The pure list has been updated. Everything is updated together, it is an automated process. If an engine doesn't have enough games against pure list opponents, then it doesn't go on there until it has. In the case of Texel:
"Texel 1.05 64-bit 4CPU" out (only 132 games), "Texel 1.04 64-bit 4CPU" in
Texel 1.05 64-bit 4CPU needs more games before it can replace 1.04 on the pure list.
The Pure list is not necessarily better. You reduce the distortion yes, but you replace it with far greater margins of error due to the smaller database with much less games.
Modern Times wrote:The Pure list is not necessarily better. You reduce the distortion yes, but you replace it with far greater margins of error due to the smaller database with much less games.

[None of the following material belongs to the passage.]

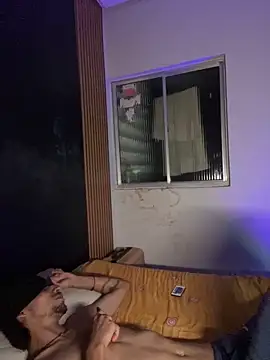 KiaraCut online show from April 19, 9:39 pm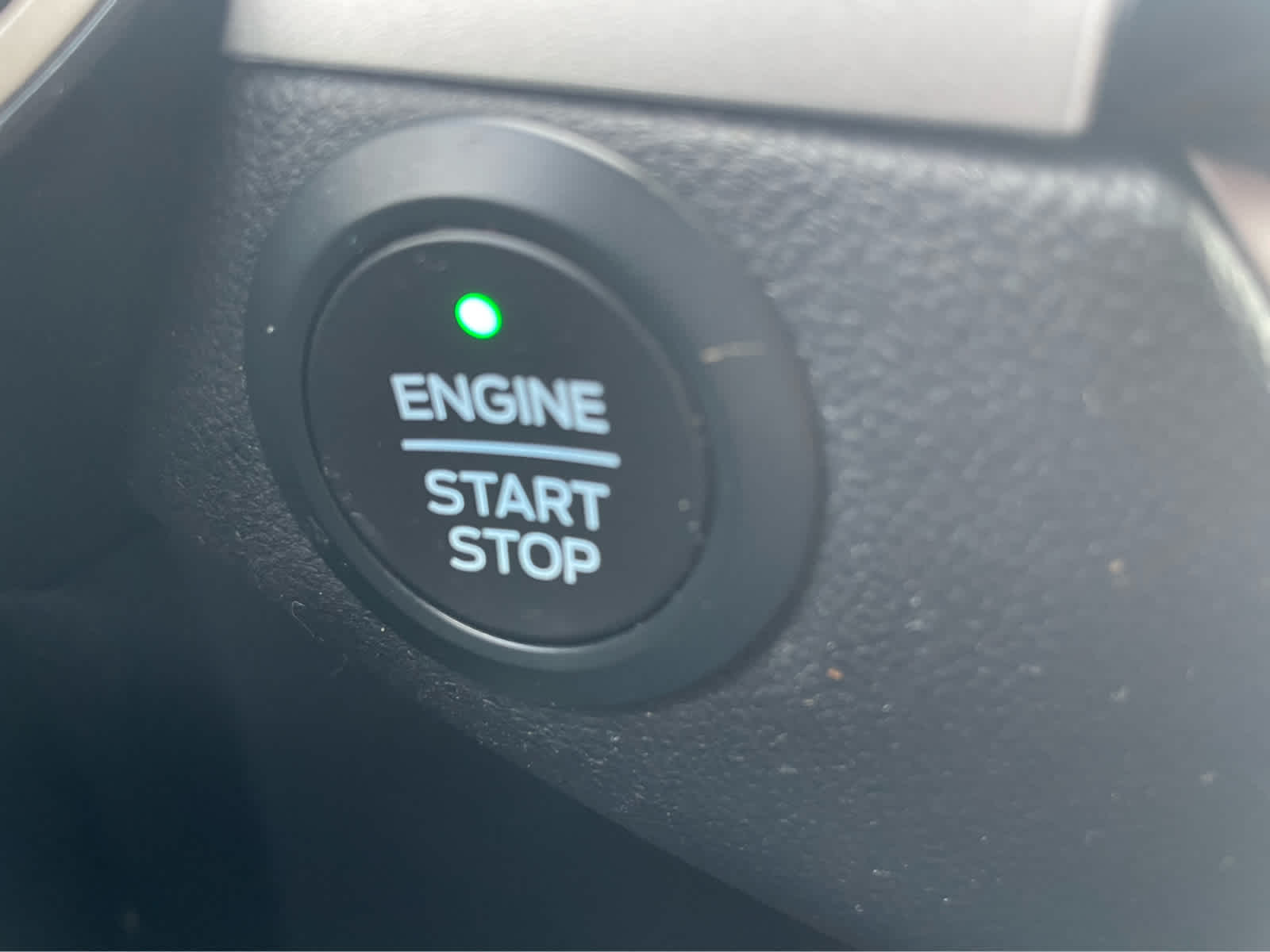 2020 Ford Escape SE photo 19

Currently the 40/40 pure list for free engines has a problem. All 4CPU engines seem to be around 600-700 elo below their expected elo level. The problem is that even though all participants in this list have played a sufficient amount of games against other participants in the list, there are no games between the 4CPU and the 1CPU engines.
petero2 wrote:
Currently the 40/40 pure list for free engines has a problem. All 4CPU engines seem to be around 600-700 elo below their expected elo level. The problem is that even though all participants in this list have played a sufficient amount of games against other participants in the list, there are no games between the 4CPU and the 1CPU engines.
Testers are very aware of the need to play 1CPU vs 4CPU to connect the engines. If they don't then there is a problem for sure !
Modern Times wrote:The Pure list is not necessarily better. You reduce the distortion yes, but you replace it with far greater margins of error due to the smaller database with much less games.
Currently the 40/40 pure list for free engines has a problem. All 4CPU engines seem to be around 600-700 elo below their expected elo level. The problem is that even though all participants in this list have played a sufficient amount of games against other participants in the list, there are no games between the 4CPU and the 1CPU engines.
Right. Ordo can be useful to detect this automatically with the switch -g
Total games 37786
- White wins 14141
- Draws 12204
- Black wins 11441
- Truncated 0
Unique head to head 17.01%
Reference rating 2300.0 (average of the pool)
Loose Anchors = none
Relative Anchors = none
groups=2
Encounters, Total=6427, Main=6427, @ Interface between groups=0
And the output is in the file g.txt, listing the two groups, to know exactly who needs connecting games (see at the bottom)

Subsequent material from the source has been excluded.